Los cambios políticos y sociales que han marcado la historia de México en los últimos 200 años han resultado menos de la iniciativa de las masas, que de las rupturas en la cima del grupo gobernante. Tras la ruptura y la lucha --siempre armada--, el poder ha pasado de ese grupo al insurgente.
Hasta ahora esa tesis desarrollada por Lorenzo Meyer en su reciente libro Fin de régimen y democracia incipiente ha sido validada por los hechos. Quienes piensen asistir al próximo cambio, y aun si no asisten, pero les interesa la manera en que pueda producirse, tendrán que reflexionar sobre varias cuestiones fundamentales.
El principio de cambio hacia un régimen democrático se ha debido fundamentalmente a la oposición. En particular a la oposición encabezada por la coalición de izquierda con centro en el PRD y encarnada, como lo ha reconocido la prensa estadunidense, de cuyos cánones depende la opinión oficial en México, en Cuauhtémoc Cárdenas. La oposición conservadora con centro en el PAN ha impulsado igualmente ese cambio pero, paradójicamente, lo ha frenado al aceptar una alianza con el PRI en varios momentos cruciales. Los frutos de esa alianza han terminado por mantener el statu quo.
En 1988 todos nos sorprendimos con los resultados electorales. Fue como ver a la democracia espectral en una noche relampagueante. Después tuvieron que pasar casi diez años para que por primera vez en siete décadas, tras la consolidación del régimen vigente, adquiriera autonomía el poder Legislativo.
Hace un año la conquista de esa autonomía galvanizó las expectativas de que el cambio se produciría casi por necesidad en las elecciones presidenciales del año 2000. Con los resultados electorales de este año, en gran medida favorables al PRI, no se puede estar seguro de que el cambio se halle tan a la vuelta de la esquina.

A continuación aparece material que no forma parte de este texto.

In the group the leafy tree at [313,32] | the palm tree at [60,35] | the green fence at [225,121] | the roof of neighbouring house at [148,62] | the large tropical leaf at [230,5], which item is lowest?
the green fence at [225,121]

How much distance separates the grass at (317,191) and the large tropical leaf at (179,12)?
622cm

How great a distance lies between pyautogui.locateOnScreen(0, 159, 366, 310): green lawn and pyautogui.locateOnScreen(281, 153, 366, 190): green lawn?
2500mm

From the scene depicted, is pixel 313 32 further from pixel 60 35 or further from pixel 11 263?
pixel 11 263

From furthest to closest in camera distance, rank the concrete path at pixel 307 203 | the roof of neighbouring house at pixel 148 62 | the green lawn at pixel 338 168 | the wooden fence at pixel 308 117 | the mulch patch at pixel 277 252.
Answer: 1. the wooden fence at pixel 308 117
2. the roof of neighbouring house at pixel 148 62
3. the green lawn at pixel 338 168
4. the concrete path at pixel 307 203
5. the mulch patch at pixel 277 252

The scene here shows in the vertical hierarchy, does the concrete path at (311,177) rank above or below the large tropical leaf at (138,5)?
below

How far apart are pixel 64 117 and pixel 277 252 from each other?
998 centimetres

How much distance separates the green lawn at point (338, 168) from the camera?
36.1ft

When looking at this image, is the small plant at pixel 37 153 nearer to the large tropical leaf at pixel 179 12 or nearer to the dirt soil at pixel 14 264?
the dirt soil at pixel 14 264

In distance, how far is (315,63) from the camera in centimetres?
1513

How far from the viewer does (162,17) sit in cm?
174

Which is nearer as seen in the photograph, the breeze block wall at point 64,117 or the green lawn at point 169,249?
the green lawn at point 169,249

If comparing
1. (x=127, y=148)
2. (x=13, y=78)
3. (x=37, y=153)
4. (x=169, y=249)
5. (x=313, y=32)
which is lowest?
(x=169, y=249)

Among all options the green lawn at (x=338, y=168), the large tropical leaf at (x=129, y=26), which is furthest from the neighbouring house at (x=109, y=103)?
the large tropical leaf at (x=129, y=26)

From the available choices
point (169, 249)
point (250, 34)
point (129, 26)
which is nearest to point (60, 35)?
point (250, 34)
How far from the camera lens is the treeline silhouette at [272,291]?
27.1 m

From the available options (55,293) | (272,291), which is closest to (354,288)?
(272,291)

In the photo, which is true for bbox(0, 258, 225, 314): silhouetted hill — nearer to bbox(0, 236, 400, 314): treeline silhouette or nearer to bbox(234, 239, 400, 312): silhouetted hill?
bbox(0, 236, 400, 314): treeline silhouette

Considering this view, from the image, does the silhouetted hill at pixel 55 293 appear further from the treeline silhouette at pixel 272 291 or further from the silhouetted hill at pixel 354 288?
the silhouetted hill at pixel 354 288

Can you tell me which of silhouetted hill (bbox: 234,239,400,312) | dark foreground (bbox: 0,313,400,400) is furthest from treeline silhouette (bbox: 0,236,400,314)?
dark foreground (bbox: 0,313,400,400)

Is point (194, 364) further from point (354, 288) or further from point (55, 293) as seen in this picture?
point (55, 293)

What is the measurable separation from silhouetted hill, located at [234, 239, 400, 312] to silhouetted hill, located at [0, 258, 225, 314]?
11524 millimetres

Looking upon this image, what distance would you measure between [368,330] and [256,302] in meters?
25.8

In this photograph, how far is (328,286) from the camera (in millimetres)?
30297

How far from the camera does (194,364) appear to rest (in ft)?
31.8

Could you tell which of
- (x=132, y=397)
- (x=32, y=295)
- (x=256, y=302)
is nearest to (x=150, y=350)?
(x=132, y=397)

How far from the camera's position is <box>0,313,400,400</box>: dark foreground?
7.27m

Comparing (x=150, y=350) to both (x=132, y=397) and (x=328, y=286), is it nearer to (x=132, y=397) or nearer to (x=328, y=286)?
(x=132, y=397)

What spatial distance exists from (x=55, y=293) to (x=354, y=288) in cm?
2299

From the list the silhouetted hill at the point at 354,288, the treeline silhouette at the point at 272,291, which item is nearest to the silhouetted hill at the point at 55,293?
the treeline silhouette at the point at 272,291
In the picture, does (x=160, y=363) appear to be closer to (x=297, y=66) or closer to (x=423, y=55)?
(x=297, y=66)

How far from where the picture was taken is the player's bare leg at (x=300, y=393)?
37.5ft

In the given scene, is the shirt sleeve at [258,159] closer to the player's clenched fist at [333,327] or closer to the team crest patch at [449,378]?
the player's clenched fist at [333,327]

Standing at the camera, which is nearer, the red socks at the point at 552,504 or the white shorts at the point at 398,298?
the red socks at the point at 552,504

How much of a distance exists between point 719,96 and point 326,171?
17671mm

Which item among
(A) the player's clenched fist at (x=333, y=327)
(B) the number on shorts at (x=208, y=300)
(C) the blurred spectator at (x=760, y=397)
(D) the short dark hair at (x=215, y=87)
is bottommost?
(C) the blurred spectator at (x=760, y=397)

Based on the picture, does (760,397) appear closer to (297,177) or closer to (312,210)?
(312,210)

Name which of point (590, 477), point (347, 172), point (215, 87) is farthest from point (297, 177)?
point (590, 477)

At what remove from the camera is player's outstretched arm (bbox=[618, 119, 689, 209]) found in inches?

Que la transición democrática siga por el rumbo gradual de los quelonios o que se acelere por la vía del cambio de partido en el poder --siempre dentro de la hipótesis de que no serán las armas sino los votos los que determinen tal cambio-- depende de dos factores: a) la cohesión o ruptura del PRI, y b) los efectos causados por la crisis económica en la conciencia de los electores. Sobre esto se puede hacer conjeturas.
Existe, entre otros, un precandidato abierto del PRI que insiste en que la renovación interna de este partido sólo será posible si se cumplen dos requisitos: a) que el presidente Zedillo no meta las manos en el proceso de elección interna, y b) que haya reglas claras para competir por las candidaturas. Ese precandidato es Manuel Bartlett y tiene la seguridad de que cumplidas estas premisas, él será el abanderado priísta a la presidencia de la República. Ya ha obtenido respuesta de algunos correligionarios suyos. Algunos, como Humberto Roque Villanueva, sostienen que debe seguir siendo el Presidente quien designe el candidato o, en el mismo sentido, que se respeten los tiempos políticos, como Alfonso Martínez Domínguez; otros priístas (Labastida, Gurría, Ortiz) se atienen a la frase-relicario que legó Fidel Velázquez a la política mexicana: ``El que se mueve, no sale en la foto''. Aun ciertos jóvenes que permanecen en calidad de tapados --y que ya olvidado el destino de Colosio--, como Esteban Moctezuma, persisten en el anacronismo de considerar acelerados a quienes pretenden participar y evaden el tema justificándose en su actual función: ``Ese tema, el del 2000, no está en mi agenda'' ha dicho el secretario de Desarrollo Social.
¿Se mantendrán esas dos posiciones y llegarán a tensarse hasta romperse? Quizá ni siquiera tengamos que esperar la llegada de la primavera para saberlo.
La crisis ya toca lo más íntimo de nuestros santuarios. Si la percepción de que hay un responsable de ella se llega a conjugar con una escisión en el vértice del poder, éste pasará a manos de la oposición. De otra manera, no es remoto que sigamos transitando penosamente hacia la supuesta tierra democrática, pero cada vez con menos probabilidades de que el cambio se produzca por la vía pacífica.
Al menos esa es nuestra experiencia: hace cien años se prolongó el mandato de un grupo más allá de lo tolerable y las condiciones económicas de la mayoría fueron devastadas por el liberalismo capitalista. Se gestaba una revolución. Con todo y los atenuantes de la muda sexenal (otros hombres, la misma política) y la rendija de participación democrática en la mole de un Estado antidemocrático, hoy andamos en ésas.